Obesity can have serious effects on children’s health, educational achievements, and overall quality of life. In 2014, a UNICEF-WHO-World Bank joint report estimated that 41 million children under 5 were overweight or obese. Globalization and urbanization mean that many children are growing up in obesogenic environments and that the prevalence of childhood obesity is increasing, particularly in low- and middle-income countries.
This week, the World Health Organization (WHO) Commission on Ending Childhood Obesity (ECHO) released its final report: Ending Childhood Obesity. The ECHO report stresses the importance of a comprehensive and integrated approach to addressing childhood obesity, which includes medical interventions, public education campaigns, and laws and regulations. Today, I’ll consider the role that laws and regulations can play in reversing the shift towards obesogenic environments and addressing the alarming levels of childhood obesity facing communities all over the world.
The Commission on Ending Childhood Obesity
The final report is the culmination of a 2 year process during which 15 commissioners reached a consensus on the interventions most likely to effectively tackle childhood overweight and obesity in different contexts across the globe. The commission was supported by two working groups focused on the science and evidence and implementation, monitoring, and accountability.
Laws and regulations, at both international and domestic levels, form an important part of the report’s comprehensive and integrated approach to childhood obesity. As the report notes, “[t]ackling childhood obesity resonates with the universal acceptance of the rights of the child to a healthy life as well as the obligations assumed by State Parties to the Convention of the Rights of the Child.” Strong national regulatory frameworks, including accountability mechanisms for the development and achievement of policy objectives, can help ensure an effective, whole-of-government approach to obesity prevention and management that is inclusive of vulnerable and marginalized populations.

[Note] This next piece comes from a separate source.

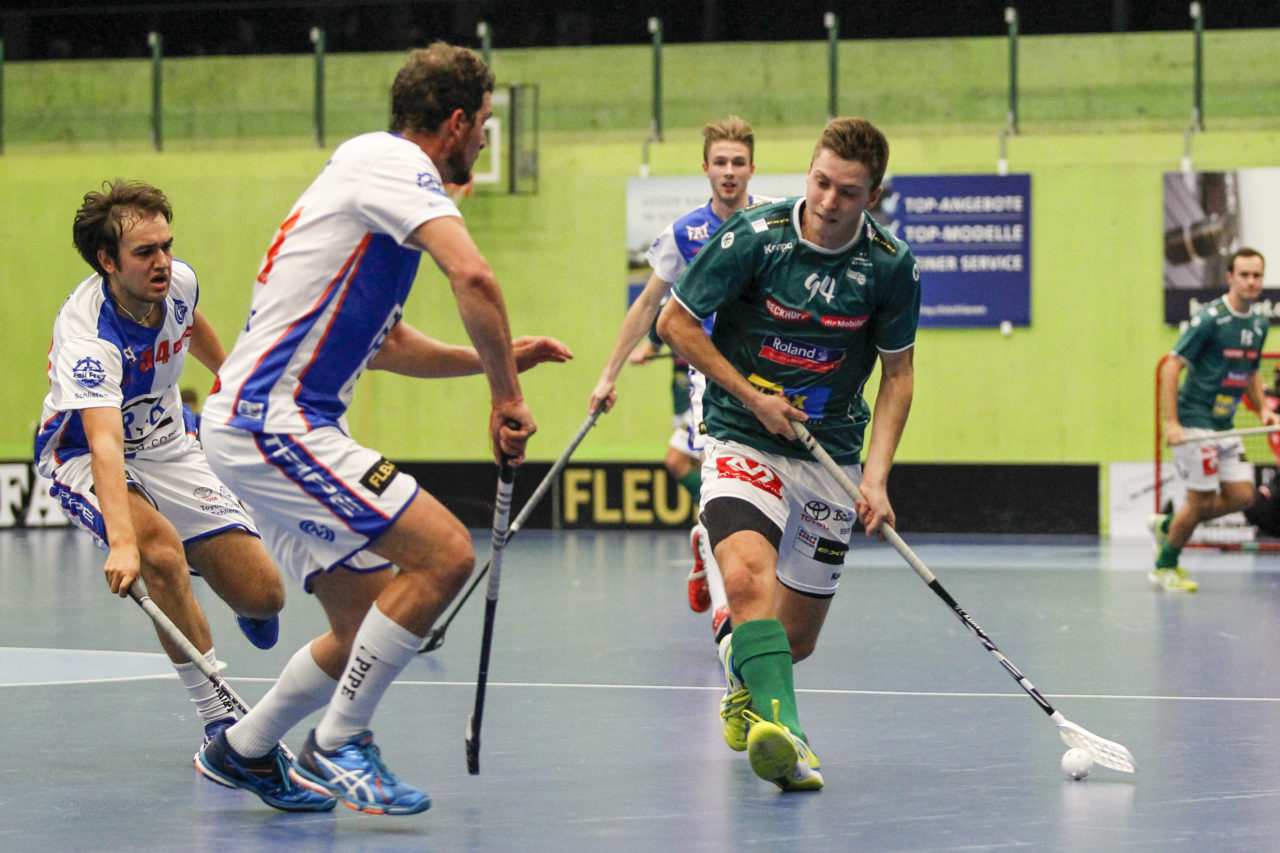 Ein Abschluss von Marco Louis (Nr. 94, SV Wiler-Ersigen).

14.10.2017; GC Unihockey - SV Wiler Ersigen, Sporthalle Hardau; Zuerich)
Photos: www.unihockey-fotos.ch Claudio Thoma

Finally, as explained below, many of the interventions outlined under the report’s six broad recommendations are legal in nature or would be most effective when implemented as legally binding requirements.
Recommendation 1: Implement comprehensive programmes that promote the intake of healthy foods and reduce the intake of unhealthy foods and sugar-sweetened beverages by children and adolescents
Recommendation 1 sets out a range of interventions that discourage the consumption of unhealthy foods, including taxing sugar-sweetened beverages and restricting marketing of foods and non-alcoholic beverages to children. Recommendation 1 also includes interventions that promote the consumption of healthy foods, such as increasing accessibility and affordability of fruit and vegetables and banning the sale or provision of unhealthy foods and beverages in schools and child-care centers. Taxes on unhealthy products and subsidies on healthy products require implementation through law. Many of the other interventions, particularly those that seek to prohibit or compel certain actions, should be implemented as binding law. Although some of the interventions, such as interpretive front-of-pack labeling schemes, could be implemented through non-binding policies and programs, this approach is more susceptible to industry non-compliance and is often criticized for diverting attention and resources from more effective, legally-binding regulations.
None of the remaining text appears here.